Pour les Belges qui ne vous connaîtraient pas encore. Qui est Femke Hogema ?
“J’ai travaillé aussi bien dans de grandes que dans de petites entreprises en tant que Financial Controller. J’ai toujours été une sorte d'étrangère. J'en savais assez sur les finances, mais je pouvais me montrer irritante. Ainsi, j’ai toujours posé les questions qu'il ne fallait pas et je faisais parfois comme si je n'y connaissais rien.
Les experts financiers protégeaient bien les affaires financières et le reste de l’organisation faisait semblant de savoir de quoi il s’agissait. Or, l’argent est si important pour les entreprises que nous devons pouvoir en parler normalement. Et pas en utilisant un jargon difficile.
Après avoir travaillé pendant une dizaine d’années, je me suis mise à mon compte. Dans un premier temps en tant que Controller intérimaire, mais je me suis aussi mise à donner de plus en plus de formations financières. À l’époque, j’ai découvert à quel point j’aimais encadrer les entrepreneurs dans ce domaine.
Durant cette période, un éditeur m'a demandé d’écrire un livre sur les finances pour les petits entrepreneurs. C’est alors que les choses ont commencé à bouger pour moi. Ce qui m’a toujours distinguée des autres professionnels financiers, c’est que je voulais rendre les finances intéressantes, pratiques et accessibles. Et ça a marché.

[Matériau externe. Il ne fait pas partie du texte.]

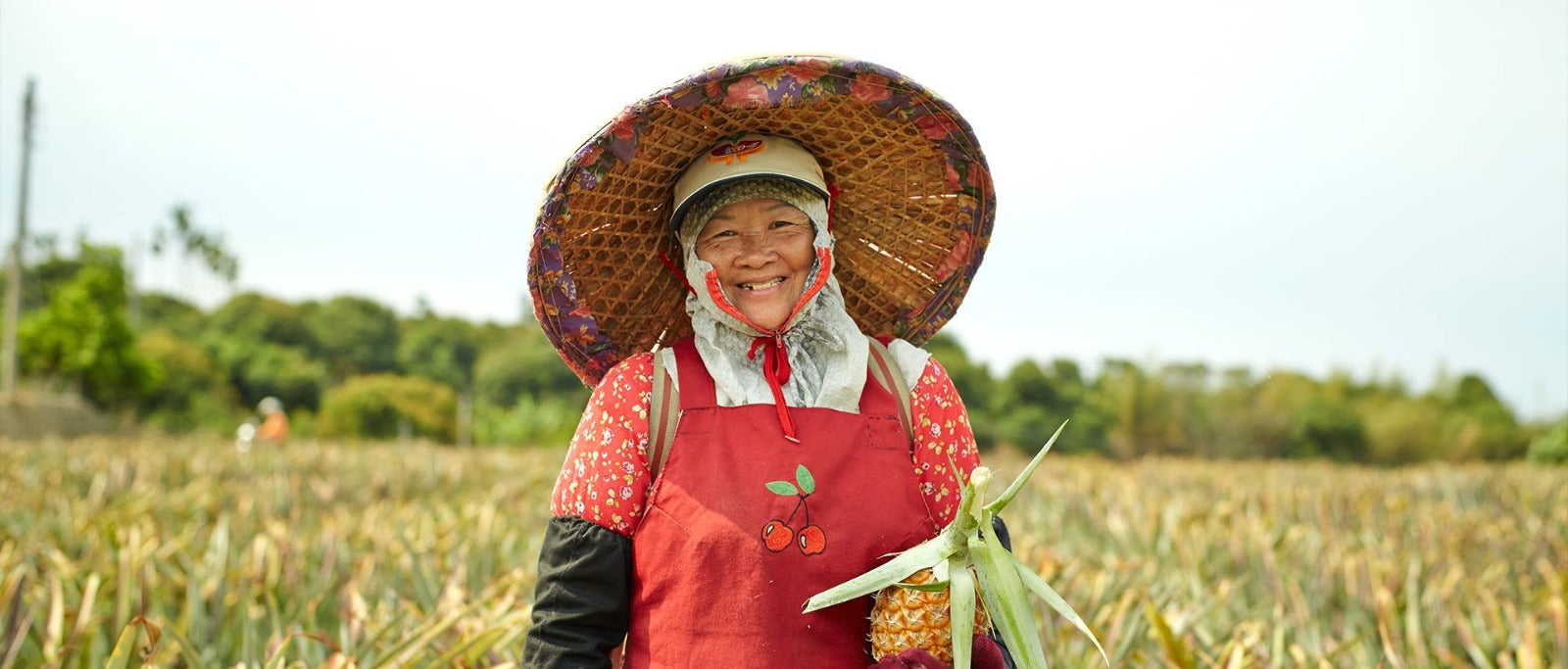 sunnyhills pineapple farmer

Les entrepreneurs ont souvent du mal à comprendre l’aspect financier de leur entreprise. 'J’ai un comptable qui s'en charge', disent-ils. J’ai vraiment le sentiment d’avoir également contribué à rendre l’argent important dans le monde des entreprises.
Il y a cinq ans, j’ai décidé de transmettre toutes mes connaissances et compétences à des comptables et experts-comptables, afin qu’ils puissent également aider leurs clients à développer une entreprise financièrement saine et rentable. C’est ainsi qu’est né le livre The Profit Advisor.
Nous devons parler autrement avec les entrepreneurs. Cela requiert d’autres compétences. C’est là que commence ma mission : transformer tous les comptables et experts-comptables en conseillers en bénéfices.”
Voilà qui est dit. Dans le livre The Profit Advisor, vous abordez le nouveau rôle des comptables et experts-comptables. Au début de chaque chapitre, vous racontez les expériences d’un entrepreneur avec son comptable. C'est parfois conflictuel.
“Cet expert-comptable et ce client n’existent pas, mais ils sont la somme d’une compilation de nombreux témoignages. J’en ai extrait les extrêmes, mais il s'agit de situations qui se sont véritablement produites.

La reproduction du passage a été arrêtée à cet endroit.